→ Exercise materials:
= Beginning of Section =

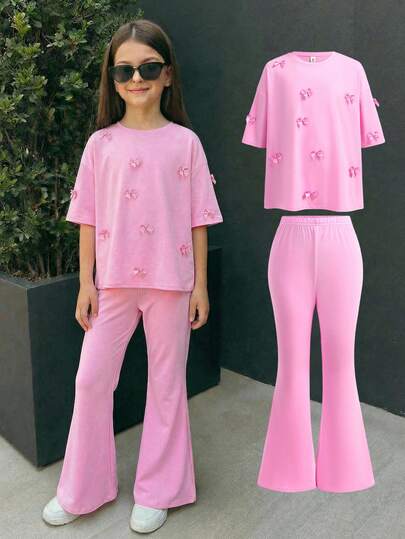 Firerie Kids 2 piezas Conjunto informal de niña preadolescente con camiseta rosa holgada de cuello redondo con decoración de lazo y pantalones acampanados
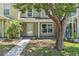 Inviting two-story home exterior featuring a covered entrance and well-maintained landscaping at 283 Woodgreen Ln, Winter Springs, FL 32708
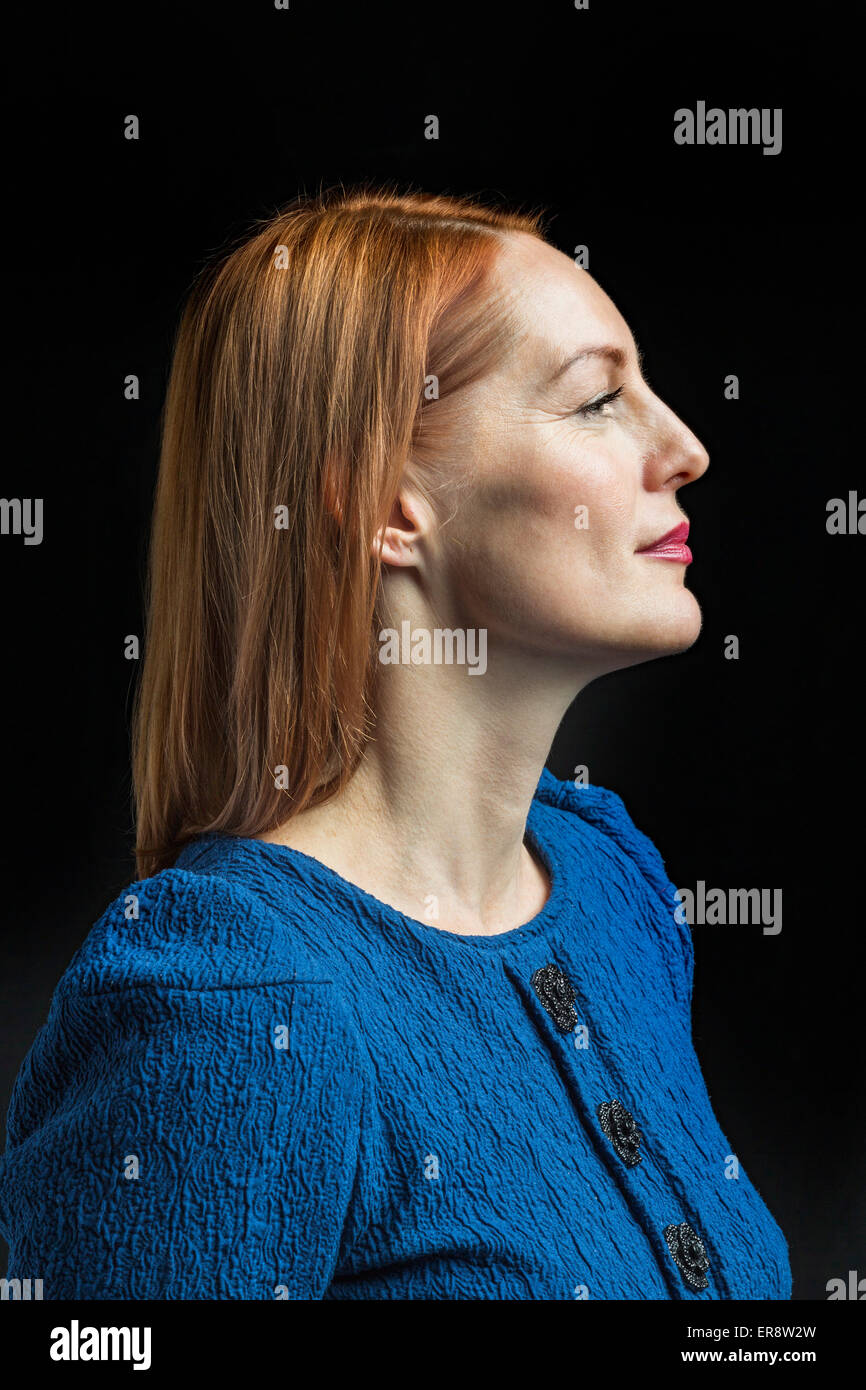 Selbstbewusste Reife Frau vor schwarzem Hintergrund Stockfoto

= End of Section =
= Beginning of Section =

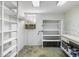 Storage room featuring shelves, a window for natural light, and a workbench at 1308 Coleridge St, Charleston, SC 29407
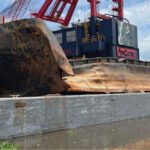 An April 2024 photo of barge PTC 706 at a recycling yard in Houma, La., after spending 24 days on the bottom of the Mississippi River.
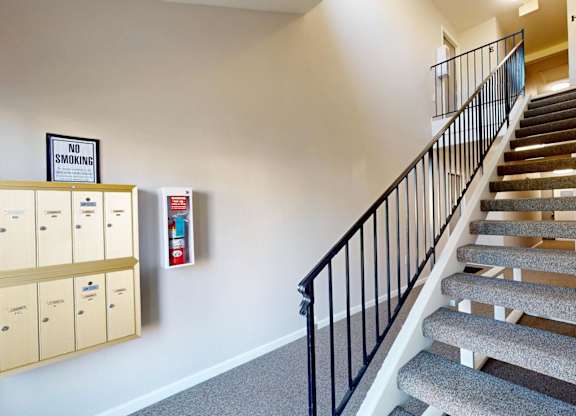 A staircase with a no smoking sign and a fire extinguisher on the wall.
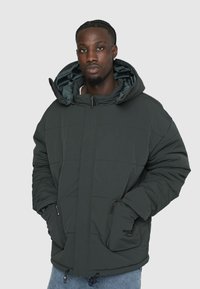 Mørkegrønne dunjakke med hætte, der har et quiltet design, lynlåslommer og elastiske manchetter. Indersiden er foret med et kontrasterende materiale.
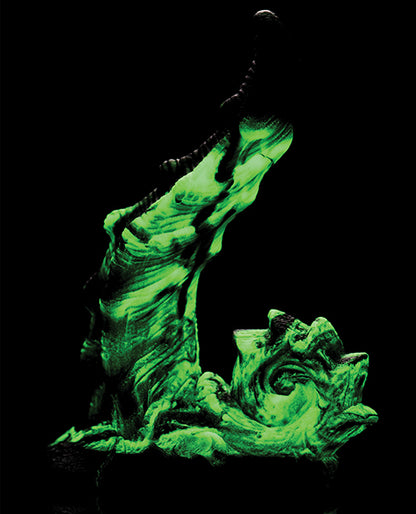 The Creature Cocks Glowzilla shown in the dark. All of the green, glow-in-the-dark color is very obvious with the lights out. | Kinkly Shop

= End of Section =

→ What you will do: Reproduce the listing above only between the lines holding "Firerie Kids 2" and "Selbstbewusste Reife Frau", inclusive. Every line must match exactly, and pictures are dropped.

→ Expected output:
 Firerie Kids 2 piezas Conjunto informal de niña preadolescente con camiseta rosa holgada de cuello redondo con decoración de lazo y pantalones acampanados
 Inviting two-story home exterior featuring a covered entrance and well-maintained landscaping at 283 Woodgreen Ln, Winter Springs, FL 32708
 Selbstbewusste Reife Frau vor schwarzem Hintergrund Stockfoto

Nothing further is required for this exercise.